The good news is evil-mode actually is a vim emulation layer and I can switch back-and-forth between evil-mode and vim with very few issues. There are only 3 things that ever trip me up, and none of them are major:
1. Find and replace is different (but IMO much better) in evil-mode, since it preserves case when doing case-insensitive matching (:s/foo/bar will change "Foo" to "Bar"). Since emacs shows the substitution live, and I like this better, I haven't bothered to fix
2. C-a and C-x don't increment/decrement numbers in evil-mode like they do in vim. I mainly use this in macros, I suspect they may interfere with other keybindings, and sometimes it doesn't "do what I want" in vim
3. Yanking to the default register also yanks to the clipboard (+ register) and primary selection (* register). This behavior was changed after I adopted evil-mode, and I hate it when it matters, but it doesn't matter too often.

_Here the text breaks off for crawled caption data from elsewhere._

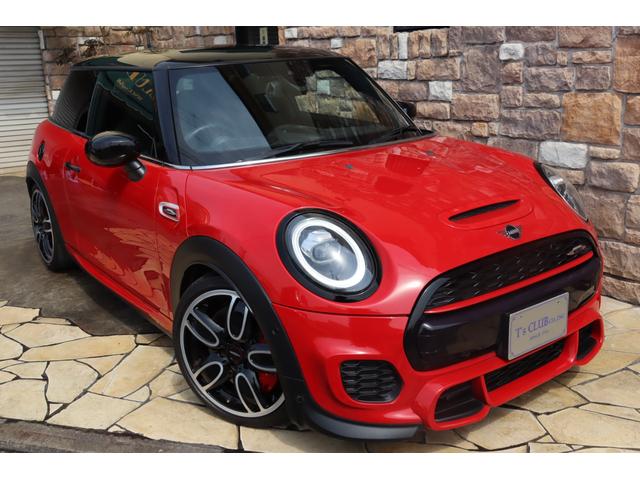 ＭＩＮＩ(ミニ) ジョンクーパーワークス　６速ＭＴ　禁煙車　ＬＥＤライト　純正ＨＤＤナビ　ＪＣＷ車高調・マフラー　ＰＤＣ 中古車画像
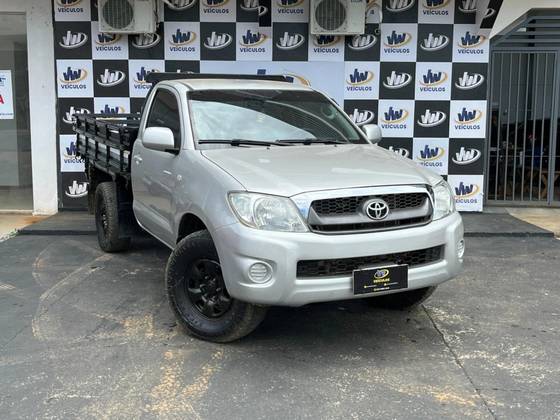TOYOTA HILUX 2.5 STD 4X2 CS 16V TURBO DIESEL 2P MANUAL TOYOTA HILUX 2.5 STD 4X2 CS 16V TURBO DIESEL 2P MANUAL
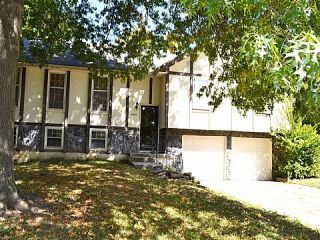Foreclosed Home - 9849 OVERHILL RD, 64134
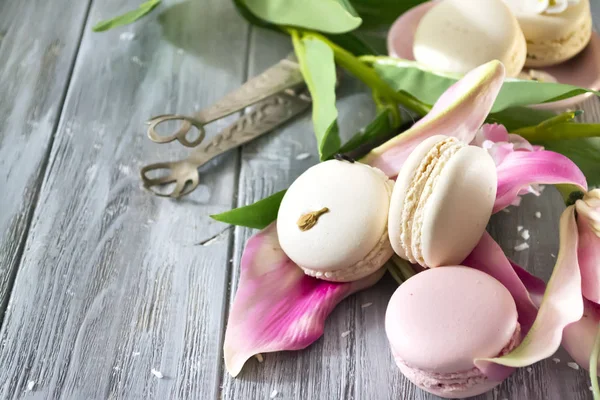 French macaroons with flower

I'm sure there are obscure vim features that are corner cases similar to the above 3, but I still give evil-mode a firm "recommend" for vim users wanting to to lisp dev.
I'm not really an Emacs user, but I'm lisp-curious. I just assumed viper-mode was the best Vim plugin for Emacs. Now it looks like that's not the case.
As another commenter said: evil-mode is very good. Once I “got” emacs, I systematically translated my vim config and have never looked back. evil-mode still has a couple annoying differences, but it’s complete enough that they’re mostly things you wouldn’t notice unless you’re looking for them.
> There's a price to pay: currently the best-in-class experience is still Emacs and SLIME
Does viper-mode work well with this setup for vim users?